Ariel's smile vanished in an instant, her soft features twisting into something monstrous. "You ungrateful little wretch," she hissed, her voice dropping to a guttural growl. The false Ariel's form cracked, her body unraveling into writhing black vines that lashed out viciously, their thorns glinting like shards of glass.
The entire scene was much too gruesome to watch, causing those who saw the humane Ariel suddenly burst into those thorny black vines to shudder in fear including Bella who was stunned as she watched everything happening.
The vines surged toward Bella, their movements unnaturally fast and predatory. She screamed, diving out of the way as one lashed across her arm, slicing through the fabric of her sleeve and drawing blood. She stumbled to her feet, her heart racing as she grabbed a nearby rock and swung it at the attacking tendrils.

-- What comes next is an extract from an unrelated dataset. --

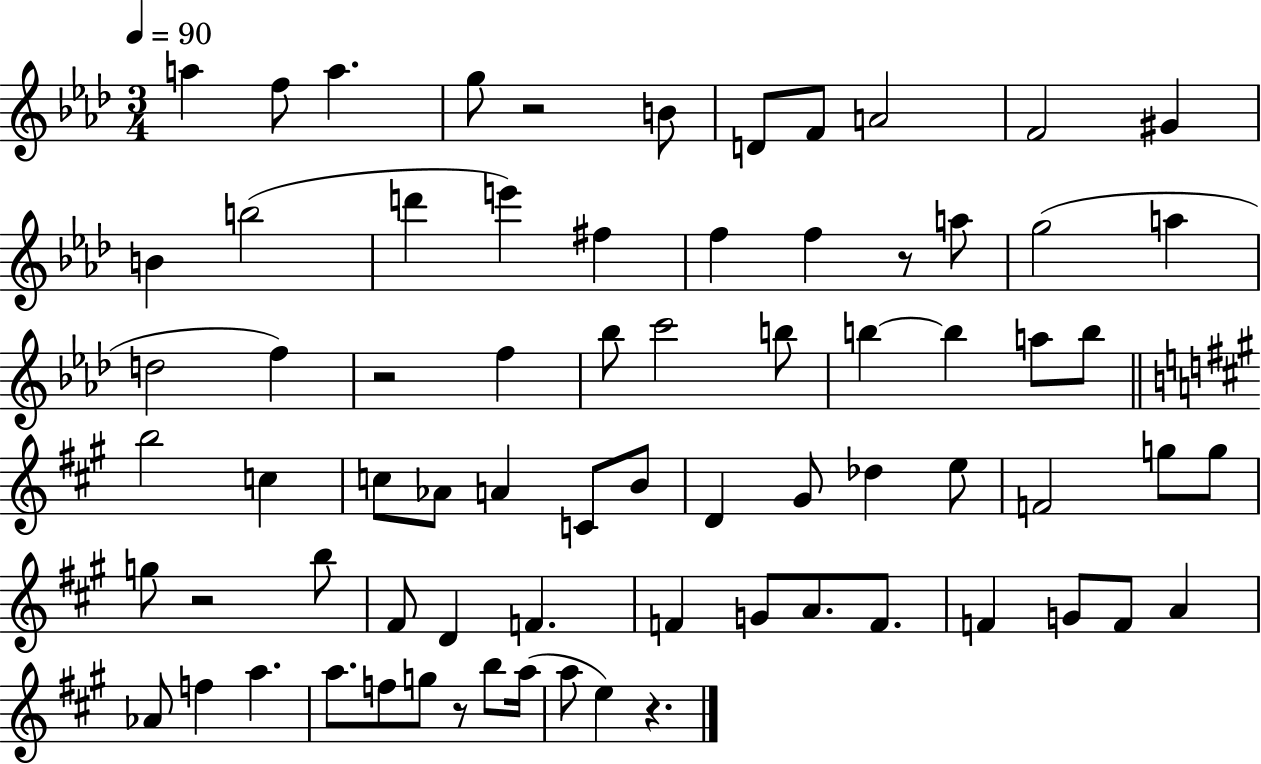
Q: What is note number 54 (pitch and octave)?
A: F4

"You're not her," a small gasp came out from Bella's lips. Though she had guessed right that this wasn't her sister, it still hurt her, causing her to feel a deeper sense of hopelessness. The sting of the realization was as deep as the cut on her hands.

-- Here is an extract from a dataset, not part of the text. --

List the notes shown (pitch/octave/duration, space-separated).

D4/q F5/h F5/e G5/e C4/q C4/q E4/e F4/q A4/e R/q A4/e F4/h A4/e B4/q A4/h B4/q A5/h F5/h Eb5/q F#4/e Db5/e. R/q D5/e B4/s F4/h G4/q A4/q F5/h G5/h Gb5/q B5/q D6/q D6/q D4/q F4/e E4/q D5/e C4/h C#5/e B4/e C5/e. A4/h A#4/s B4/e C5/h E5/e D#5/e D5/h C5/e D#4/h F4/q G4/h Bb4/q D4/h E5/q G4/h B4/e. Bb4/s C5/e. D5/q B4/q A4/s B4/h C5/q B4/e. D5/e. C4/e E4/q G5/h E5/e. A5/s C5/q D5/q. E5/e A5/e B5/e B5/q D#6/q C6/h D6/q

She might have succeeded in attacking Minister Rueben, a vampire. But what about this enchanted being?
Fear mixed with uncertainty for her survival caused her tears to drop but she wasn't going to die here right after being reminded of her sister who still needed her.
The maze itself seemed to close in around her, the walls shifting and pulsating as if feeding on her fear. But Bella's resolve hardened. "You're nothing different from those blood sucking monsters," she shuddered, her voice trembling but fierce, "You want me to lose my hope, to turn to my despair and offer me death as your mercy. But no- that will never happen."
With a final burst of determination, Bella dodged the next strike and sprinted down the path, her breath ragged and her heart pounding, the sound of the vine-creature's enraged screeches echoing behind her. She didn't dare to look behind her, knowing fully well that if she did fear would enrapture her body and she would slow down out of fear, something she couldn't let to happen.
The maze may have tried to break her, but it had underestimated the strength born of desperation— and the faint, flickering hope that still refused to die.